VINYL record stores in Scotland face extinction as 90% of stores have closed under pressure from digital downloads.
Glasgow council is now being asked to help save the industry by publicising a day to celebrate record stores’ contribution to the music world.
Figures show there were around 2200 independent record shops in the UK in the 1980s but now there are only around 280.
Iconic stores such as One Up in Aberdeen have already been forced to close its doors with the Avalanche store in Edinburgh just managing to cling on to survival.
Even huge chains such as HMV not been immune to the problems facing record stores.
Campaigners are now calling for more publicity of Record Store Day on April 20 – supported by Sir Paul McCartney and Damon Albarn – to save Scotland’s vibrant music culture.
Later this week Green councillor Liam Hainey will ask Glasgow bosses to support Record Store Day.
He said publicising the event would “support the city’s independent record stores and their valuable addition to our city and recognises the significant benefits more generally that small local business brings to the culture and economy of Glasgow”.
In a motion to the full council Mr Hainey also called on his cross-party colleagues to “recognise and applaud the contribution independent record shops throughout the city have made to the music scene for which Glasgow is world renowned and celebrated, as recognised by our status as a Unesco city of music”.
Stephen McRobbie – frontman of Scottish indie band The Pastels – is part owner of Monorail Music in Glasgow.
He said: “It’ll be good if the city council gets on board and recognises the event and what we do.
“It’s our busiest day of the year – a real family event and gets people coming back into record shops.

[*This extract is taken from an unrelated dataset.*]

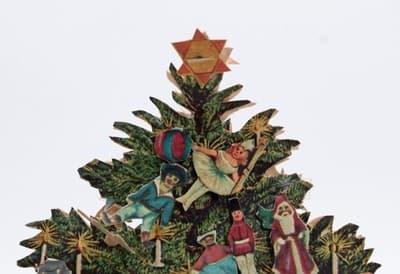 Vintage Pop Up Paper Holiday Christmas Tree Decor Assorted Ornaments - Thumbnail 7
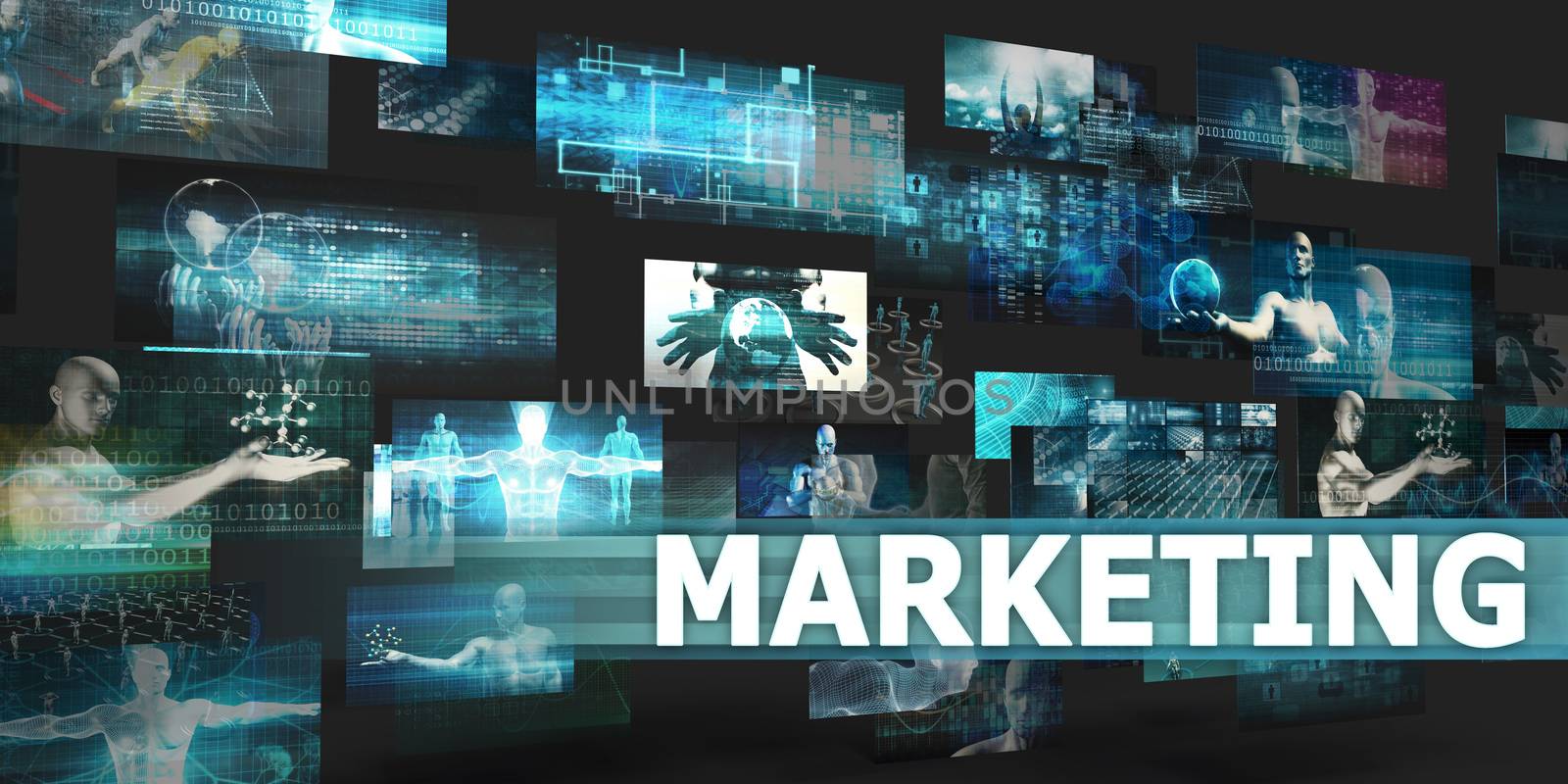 Marketing Presentation Background with Technology Abstract Art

“What’s different about us is you get a good level of expertise, we’re friendly and approachable, the shop’s nicely curated and we pay our taxes.”
Sandy McLean, owner and manager of Love Music Glasgow, said: “It’s gratifying to be noticed by the city council for our hard work in a challenging market.
“With the music business going through such huge changes, only the shops that were strong enough, and clever enough to adapt to the changing conditions have managed to survive.
“A large part of our business is focused on local artists; we actively encourage their releases and promote them as a priority. We’ve shifted some decent quantities of local acts too.”
Stuart Braithwaite from rock band Mogwai said: “The independent stores in Glasgow have had a massive impact on the life and culture of the city.
“People travel to Glasgow specifically for them. And they’re not just shops but cultural hubs. It would be wonderful if the council and Marketing Bureau could publicise the event.”
Among those supporting Mr Hainey’s motion will be former culture minister and administration councillor Frank McAveety.
He said: “We’re a weekend destination city. Our record stores could be marketed alongside the west end, gig venues, vintage clothing shops as something which we offer.
“There’s no doubt about it, record stores are a community, they even foster talent and are worthy of our backing.”